BEGIN DATASET EXTRACT

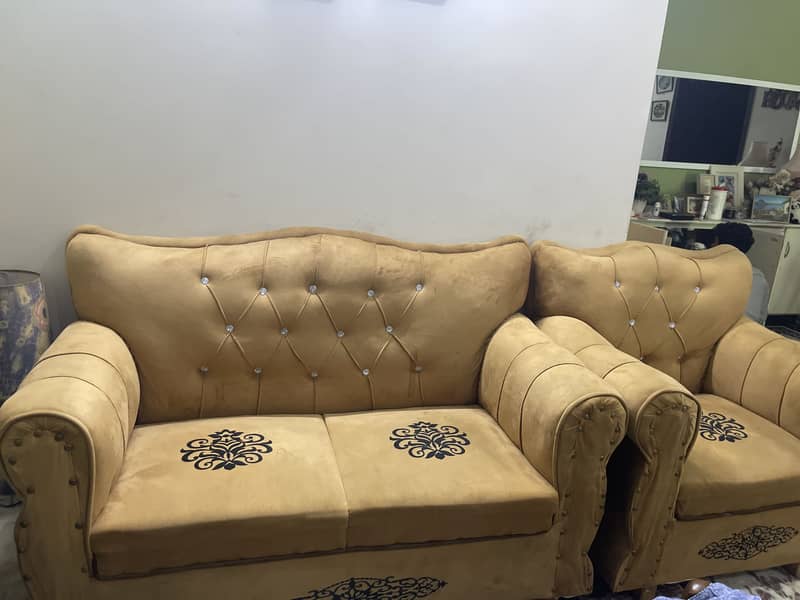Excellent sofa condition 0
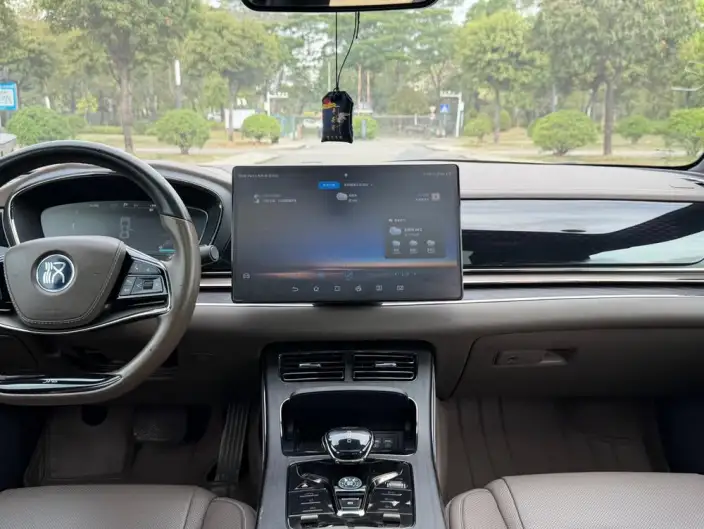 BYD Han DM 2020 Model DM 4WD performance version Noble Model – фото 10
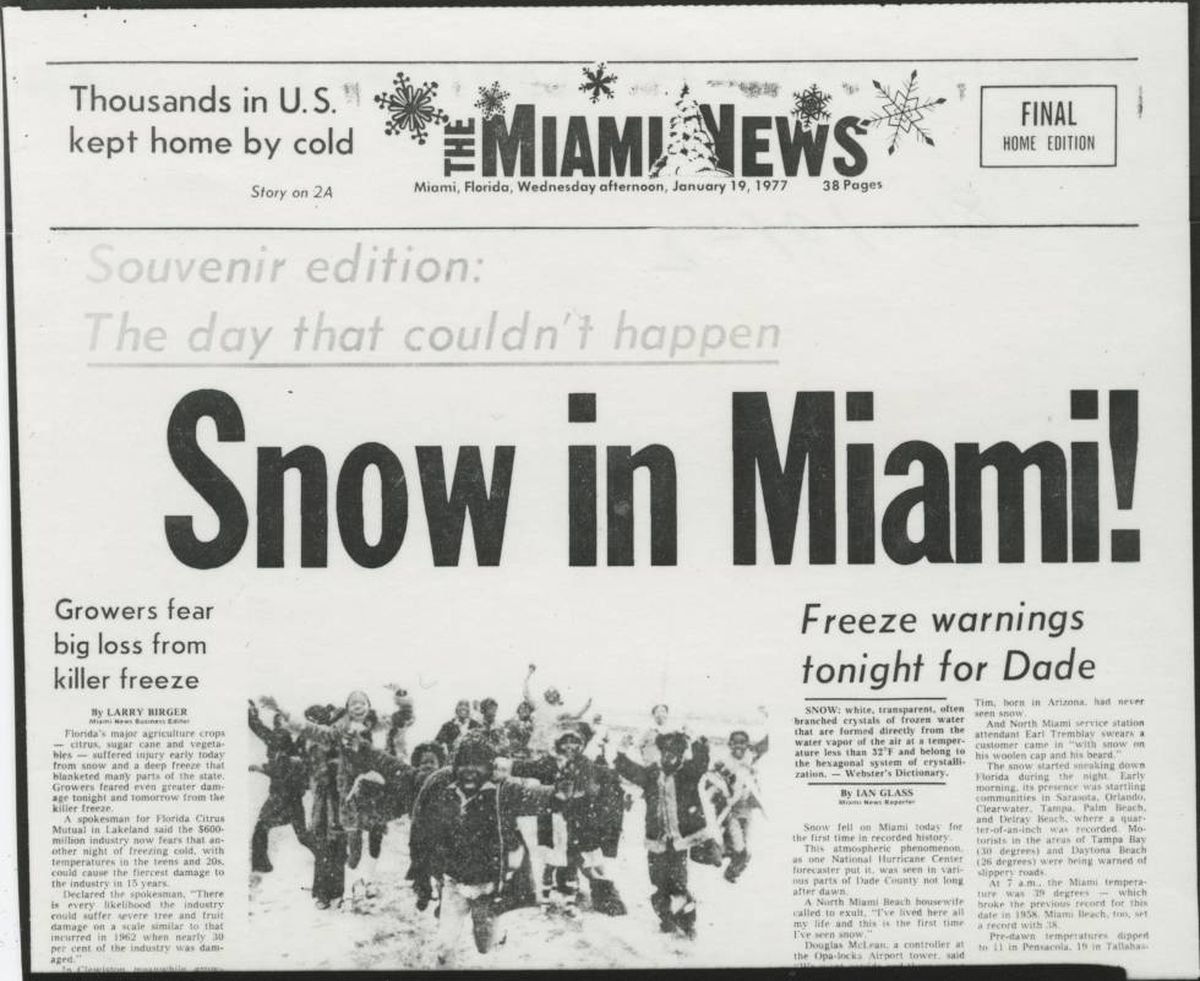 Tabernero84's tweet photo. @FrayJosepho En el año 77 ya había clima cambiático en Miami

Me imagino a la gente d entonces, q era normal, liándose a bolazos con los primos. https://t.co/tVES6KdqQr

END DATASET EXTRACT

ASSIGNMENT — With pictures left out, transcribe each line from the one containing "Tabernero84's tweet photo." through the end of the data, both ends included.

TASK RESULT —
 Tabernero84's tweet photo. @FrayJosepho En el año 77 ya había clima cambiático en Miami

Me imagino a la gente d entonces, q era normal, liándose a bolazos con los primos. https://t.co/tVES6KdqQr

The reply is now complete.